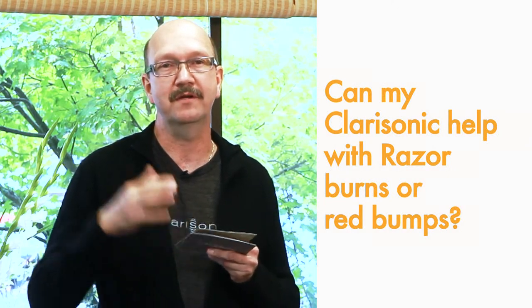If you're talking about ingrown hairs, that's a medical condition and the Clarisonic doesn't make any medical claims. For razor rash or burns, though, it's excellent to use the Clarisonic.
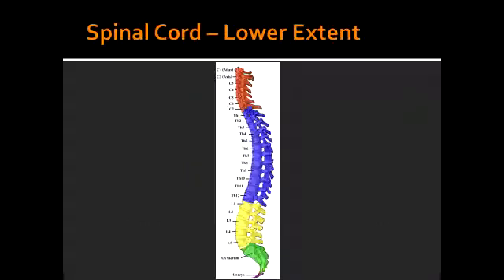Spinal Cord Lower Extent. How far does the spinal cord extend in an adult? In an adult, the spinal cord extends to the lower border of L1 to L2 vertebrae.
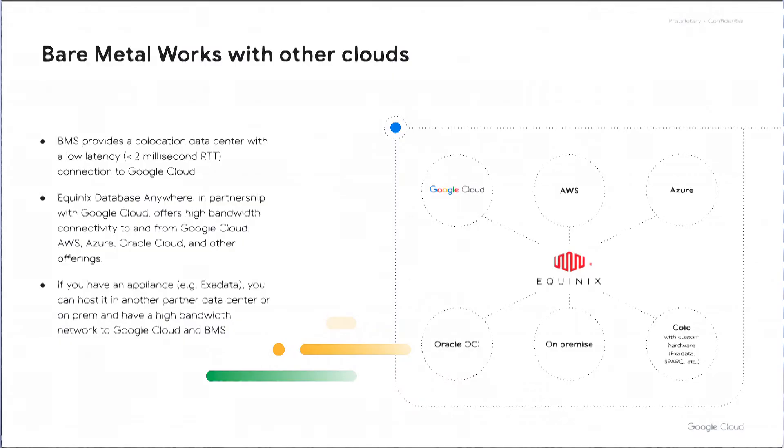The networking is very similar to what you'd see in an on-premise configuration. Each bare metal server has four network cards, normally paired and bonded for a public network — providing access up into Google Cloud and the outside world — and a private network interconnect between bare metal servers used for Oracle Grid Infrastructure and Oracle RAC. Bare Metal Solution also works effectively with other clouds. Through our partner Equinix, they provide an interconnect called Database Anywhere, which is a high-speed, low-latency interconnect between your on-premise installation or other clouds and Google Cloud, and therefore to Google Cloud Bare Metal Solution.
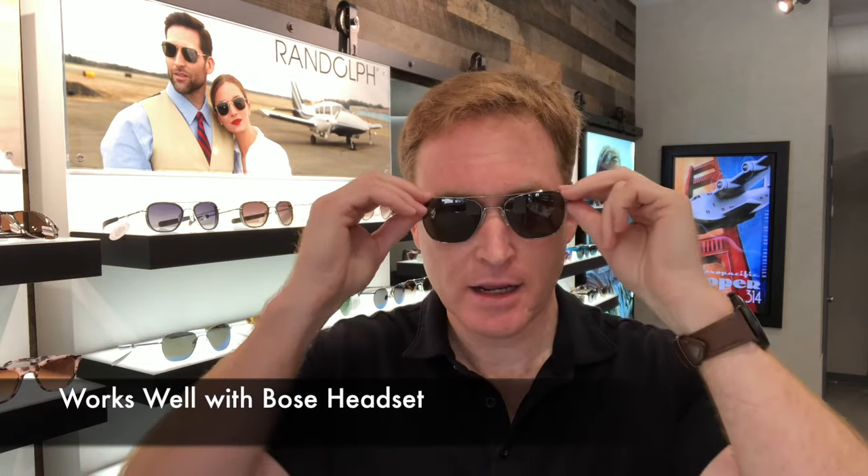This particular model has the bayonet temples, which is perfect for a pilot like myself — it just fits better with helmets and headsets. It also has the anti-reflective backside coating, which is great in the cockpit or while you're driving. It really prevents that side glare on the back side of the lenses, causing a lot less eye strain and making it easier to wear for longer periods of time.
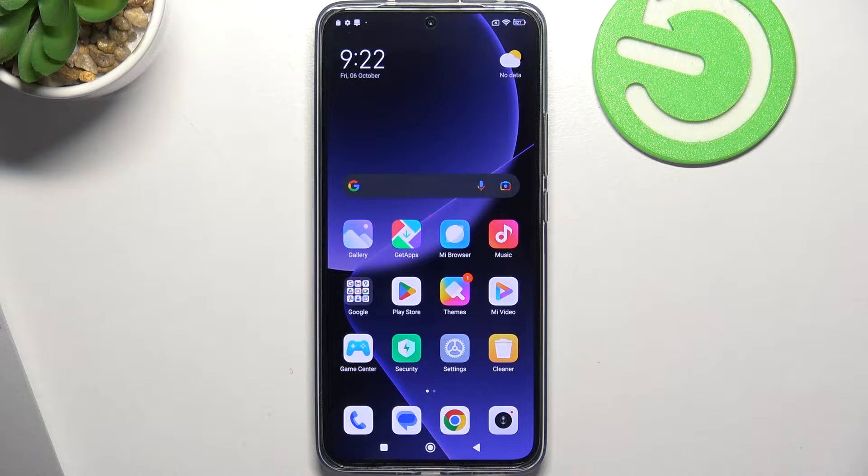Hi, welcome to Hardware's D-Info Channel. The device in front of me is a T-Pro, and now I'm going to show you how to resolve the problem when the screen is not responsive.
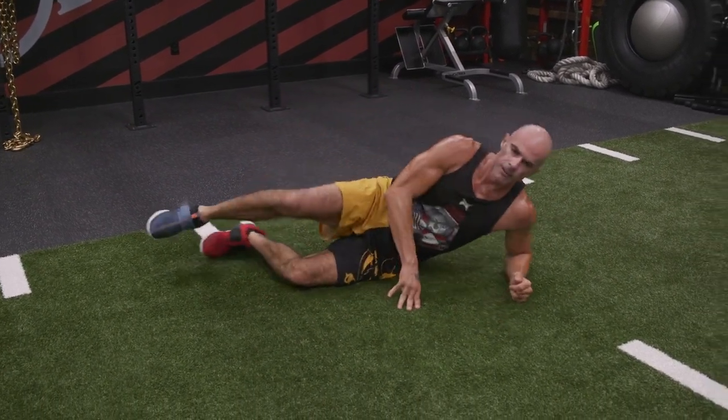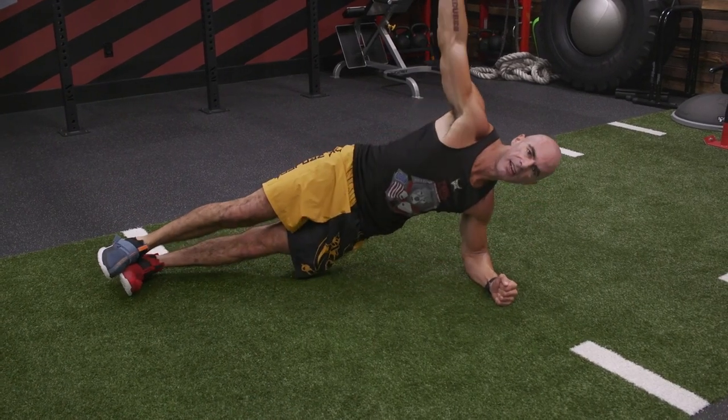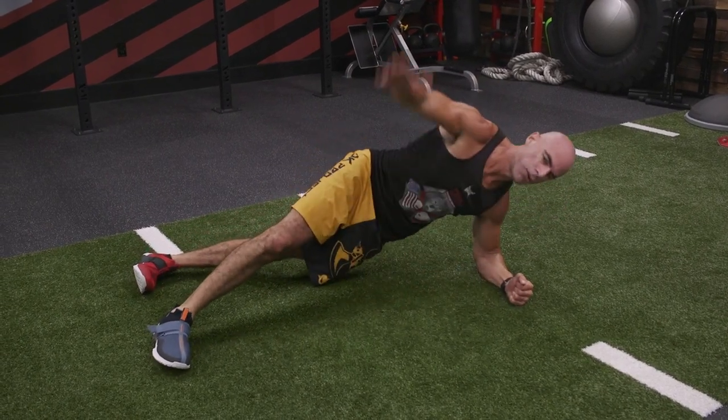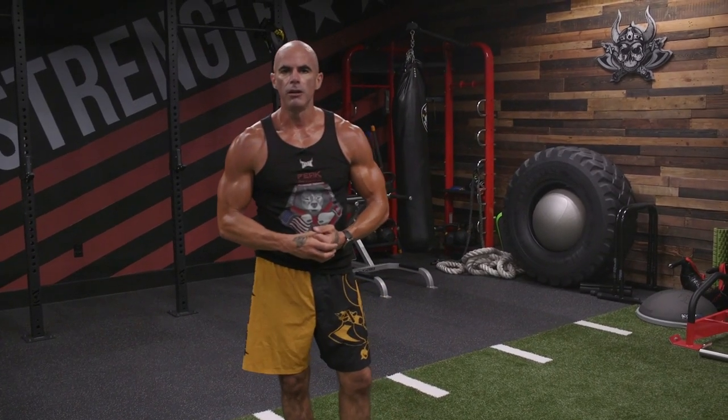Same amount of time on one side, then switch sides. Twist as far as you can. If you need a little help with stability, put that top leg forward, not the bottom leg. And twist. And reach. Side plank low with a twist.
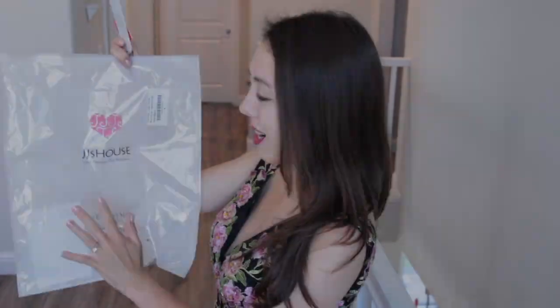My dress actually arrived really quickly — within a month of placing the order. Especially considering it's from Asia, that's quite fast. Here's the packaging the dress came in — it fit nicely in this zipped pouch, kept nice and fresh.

* * * * * * * * *

Directions for this task: Please restate exactly the lines from the one containing "Hi, welcome to" down to the end of the material, both ends kept, and do not include the pictures.

Output for this exercise:
Hi, welcome to Hardware's D-Info Channel. The device in front of me is a T-Pro, and now I'm going to show you how to resolve the problem when the screen is not responsive.
Same amount of time on one side, then switch sides. Twist as far as you can. If you need a little help with stability, put that top leg forward, not the bottom leg. And twist. And reach. Side plank low with a twist.
My dress actually arrived really quickly — within a month of placing the order. Especially considering it's from Asia, that's quite fast. Here's the packaging the dress came in — it fit nicely in this zipped pouch, kept nice and fresh.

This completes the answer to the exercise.